British historian Frederick Taylor, author of "Dresden: Tuesday, Feb. 13, 1945", argues that while the raid was cruel and ruthless, the city was a valid target because its industries contributed to the war effort.
Books, magazine articles and TV documentaries have in recent years shifted the country's historical debate about the war to the suffering of Germans in the Allied bombing and their mass eviction from eastern territories after the war.
While "Dresden" is part of that trend, its makers were clearly at pains to strike a balance by constantly reminding the viewer of Germany's guilt. The desire to avoid stoking controversy is evident throughout it. Everyone's point of view gets an airing.
In one scene, as the bombs start falling, a German air raid warden stops Jews entering a shelter. Before the attack, a Jewish man about to be deported in a few days' time stares out of his window and says: "I pray to God every evening that he destroys everything here." For him, the bombing comes as a release. Another scene shows Dresden cinema goers cheering at newsreel footage of German V1 rockets, called Doodlebugs by the British, causing death and destruction in London.
The film's heroine, a German nurse, tells her British lover, a downed Lancaster bomber pilot she is hiding, that the Allied bombers raining death on German civilians are "no better than the Nazis." The Germans started the bombing, is his response. A British navigator watching the firestorm down below mutters: "My sister burned to death in Coventry. I'm not shedding any tears for those bastards down there."

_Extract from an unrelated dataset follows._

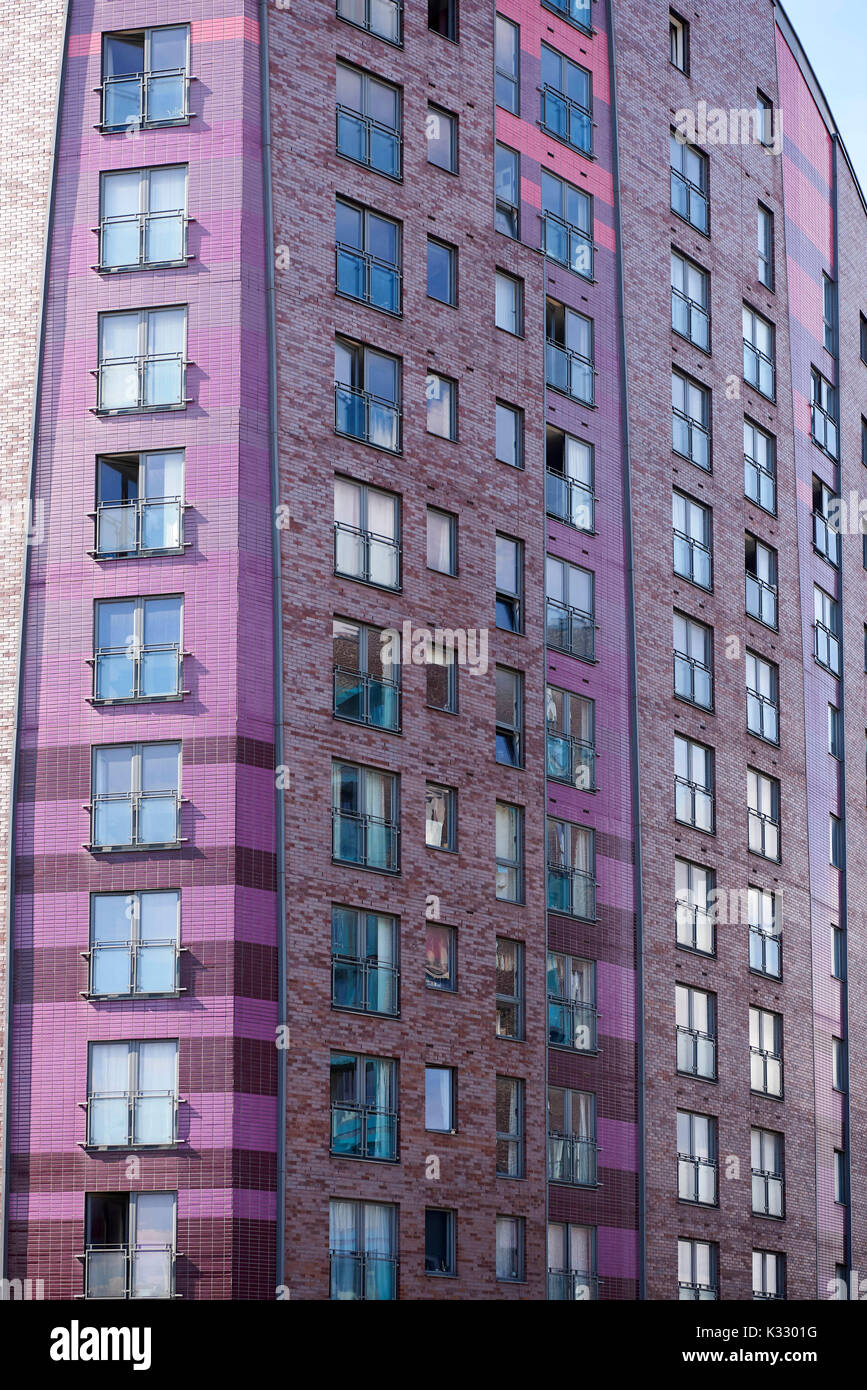 Modern leeds apartment hires stock photography and images Alamy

British pilots toast their dead comrades in a pub: "They gave their lives for England and the freedom of Europe," says one. Then the film swings to Britain's high command where air force chiefs are discussing how best to help the Soviet Red Army as it advances on Germany from the east. "We need a target with high urban concentration, flammable structures and narrow streets," says one. Another points out that years of bombardment have failed to break German morale, so why should destroying Dresden?

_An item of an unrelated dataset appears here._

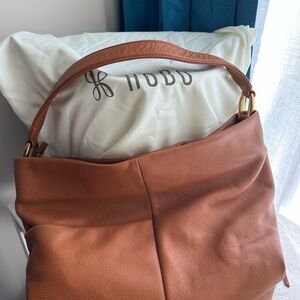 HOBO Harley, warm honey, Pebbled Leather Hobo Bag with Gold Hardware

Co-producer van Endert said the film wants to come as close to the truth as possible. "It shows that there was a massacre of civilians. But it also explains that there were strategic reasons behind the attack, to help the Red Army end the war quickly. It doesn't say that the bombers took off with the goal of killing as many civilians as possible."

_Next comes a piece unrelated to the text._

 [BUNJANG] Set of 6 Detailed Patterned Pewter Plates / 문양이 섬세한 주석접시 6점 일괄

The producers -- teamWorx Television & Film, ZDF and EOS Entertainment, backed by four regional German film development funds -- consulted German and British historians in making the film and the scenes of the bombing are striking and authentic.
But one problem with the film is that the love story that dominates it doesn't entirely ring true. Aryan beauty Anna Mauth, played by Felicitas Woll, falls for handsome RAF pilot Robert Newman, played by British actor John Light. OK so far. She hides him in the hospital where she works and they consummate their love one night in a hospital ward filled with German soldiers, all of whom are conveniently sleeping soundly. Less credible, however intense their desire.
She is betrothed to another so Robert, evidently mad with love, finds a German army uniform and crashes her engagement party which is buzzing with the local Nazi top brass. This is hard enough to believe, but while at the party he even conveniently manages to uncover a morphine smuggling scam her father is involved in.
The film ends with Robert, after surviving the firestorm in Anna's arms, climbing up to the dome of the Frauenkirche, the baroque Church of Our Lady that has since become the symbol of Dresden't rebirth, and surveying with shock the destruction wrought by his comrades.
The Frauenkirche collapsed the day after the raid and was rebuilt only recently, opening last fall as a symbol of reconciliation, friendship and peace. It is topped by a cross crafted by a British goldsmith from Coventry whose father took part in the raid on Dresden.